At a time when most sporting events in America just can’t really happen, the NBA’s owners and players got together, looked at how much money was on the line, shrugged their shoulders, and settled on bankrolling a golden battering ram to solve their short-term problems. It’s not that I’m not thankful for the big, stupid battering ram that will help me get work and shower me with basketball delights. It’s just infuriating that when everything else in America is drowning in a giant piss-filled toilet, our leaders and elites just shrug their shoulders, tell us to prepare for a horrible recession, double down on police violence as a means of maintaining order, and slander anyone with the temerity to wonder if maybe there are non-market solutions to any of this chaos.
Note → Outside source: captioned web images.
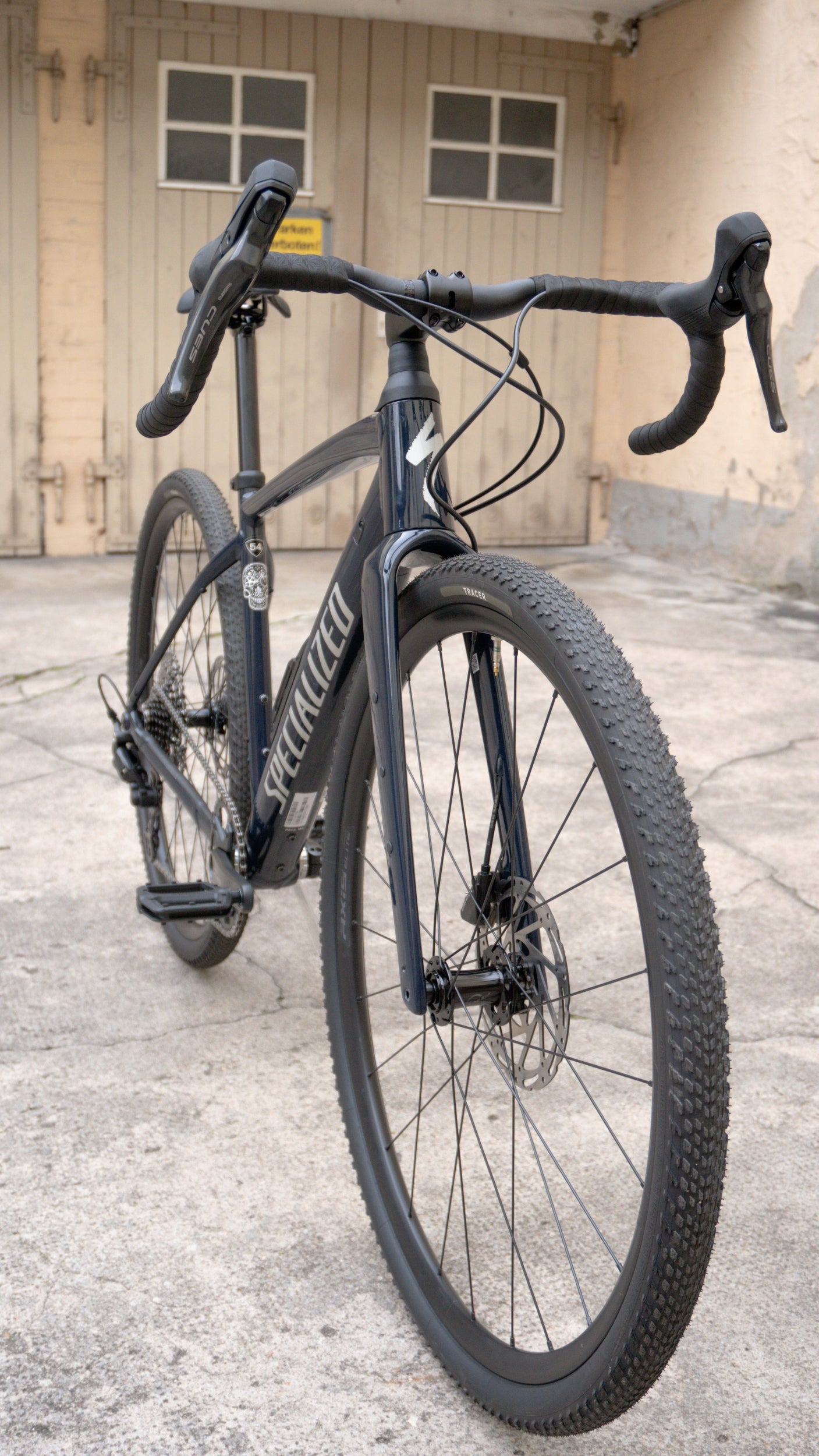 Specialized DIVERGE 4 Sport, Shimano Cues Future Shock - Gloss Dark Navy / Dolomite Metallic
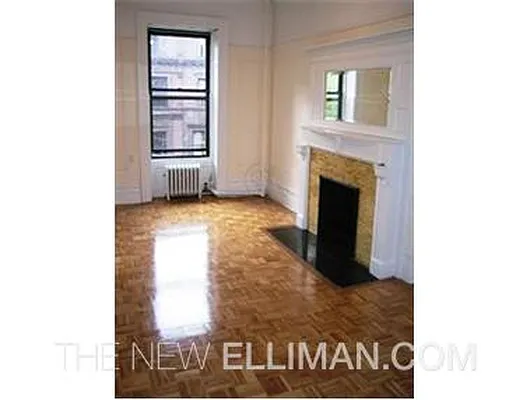 Rented by Douglas Elliman | media 14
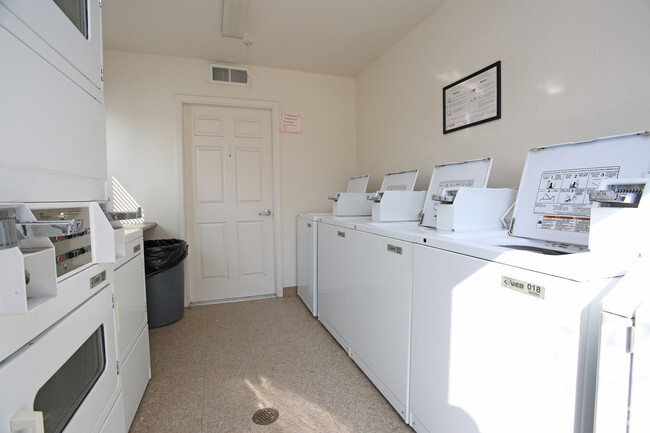 Laundry Room - Meridian Family Apartments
Meanwhile, the planning and ingenuity that would get laughed out of any “serious” political discourse is on display in Florida. Contain and track coronavirus? Eh, sounds too expensive. Best to wait it out. Monthly stimulus checks to head off recession? Whoa, buddy, are you trying to raise the national debt? Address the looming terror of climate change? Sounds expensive! Also, I don’t know if that’s real. Make sure “The Billionaire Buyer” Tilman Fertitta doesn’t go bankrupt after issuing a billion dollars in bonds debt to buy the Houston Rockets? Heck, we better get a nation-state going. You think Disney World can help?
The NBA returning kicks ass. I can’t wait. But it’s also a symptom of the revolting function of our economy, where billionaires control massive swaths of capital, ready to be mobilized at the swipe of a finger, while the institutions that most people actually rely on—farms, clinics, grocery stores, hospitals, schools, old folks’ homes, the Postal Service, restaurants, public transportation, the roads, you name it—is subjected to non-stop starvation in the name of not making the billionaires who can afford to own and operate a professional sports franchise pay their fair share in taxes.
When Fertitta purchased the Rockets for $2.2 billion, he received an absurd tax break. Per Bloomberg, “Since the passage of the American Jobs Creation Act of 2004, buyers of sports teams have been able to write off a big chunk (sometimes almost all) of the purchase price against the team’s taxable income over 15 years. And because sports franchises these days are usually structured as limited liability companies or other pass-through entities whose earnings or losses flow through to owners’ personal tax returns, this tax deduction can also be used to offset income from other sources. This benefit is available to buyers of all kinds of businesses, but the remarkably high purchase prices of sports teams relative to the income they generate make it especially valuable to their owners.” Plus, taxpayers finance these billionaires’ NBA arenas.
Pro sports have returned in other countries too. Germany’s Bundesliga soccer club had been playing to empty stadiums for the last few weeks, as has the Korean Baseball Organization, because the countries where these leagues operate were able to get the clamps on early and efficiently enough to make it not completely idiotic to play sports outside of a massive quarantine bubble. The only thing keeping the United States from doing the same is the perplexing set of decisions that have left an obscene amount of wealth in the hands of a ludicrously small minority of people in the name of... what, exactly?